[TASK INSTRUCTIONS] Taking the line with "Power Supply COOLERMASTER" as the first and the last line of the entries as the final one, copy that span exactly.

[SOURCE MATERIAL]

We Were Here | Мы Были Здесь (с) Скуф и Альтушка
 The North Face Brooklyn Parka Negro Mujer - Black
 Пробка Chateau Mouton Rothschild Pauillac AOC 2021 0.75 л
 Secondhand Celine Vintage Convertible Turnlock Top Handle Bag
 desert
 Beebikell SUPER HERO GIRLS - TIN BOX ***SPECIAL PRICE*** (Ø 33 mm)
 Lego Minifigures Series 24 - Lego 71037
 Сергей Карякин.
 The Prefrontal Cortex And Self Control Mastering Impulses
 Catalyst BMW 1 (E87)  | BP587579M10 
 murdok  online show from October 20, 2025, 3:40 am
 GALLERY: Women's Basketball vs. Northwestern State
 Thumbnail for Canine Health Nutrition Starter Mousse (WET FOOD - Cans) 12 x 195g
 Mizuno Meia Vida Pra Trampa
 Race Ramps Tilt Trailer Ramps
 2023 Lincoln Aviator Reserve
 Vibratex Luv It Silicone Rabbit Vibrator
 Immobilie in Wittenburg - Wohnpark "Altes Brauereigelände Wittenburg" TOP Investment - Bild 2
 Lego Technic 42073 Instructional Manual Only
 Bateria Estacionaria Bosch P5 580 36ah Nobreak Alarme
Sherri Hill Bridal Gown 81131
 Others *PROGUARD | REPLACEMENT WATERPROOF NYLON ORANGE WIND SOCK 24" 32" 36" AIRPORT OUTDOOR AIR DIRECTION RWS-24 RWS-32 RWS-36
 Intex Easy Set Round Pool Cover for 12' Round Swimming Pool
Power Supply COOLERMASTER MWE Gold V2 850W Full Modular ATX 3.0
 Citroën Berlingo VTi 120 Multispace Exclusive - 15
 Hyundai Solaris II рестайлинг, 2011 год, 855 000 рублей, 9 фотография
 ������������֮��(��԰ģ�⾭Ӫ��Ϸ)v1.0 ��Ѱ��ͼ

[SOLUTION TO THE EXERCISE]
Power Supply COOLERMASTER MWE Gold V2 850W Full Modular ATX 3.0
 Citroën Berlingo VTi 120 Multispace Exclusive - 15
 Hyundai Solaris II рестайлинг, 2011 год, 855 000 рублей, 9 фотография
 ������������֮��(��԰ģ�⾭Ӫ��Ϸ)v1.0 ��Ѱ��ͼ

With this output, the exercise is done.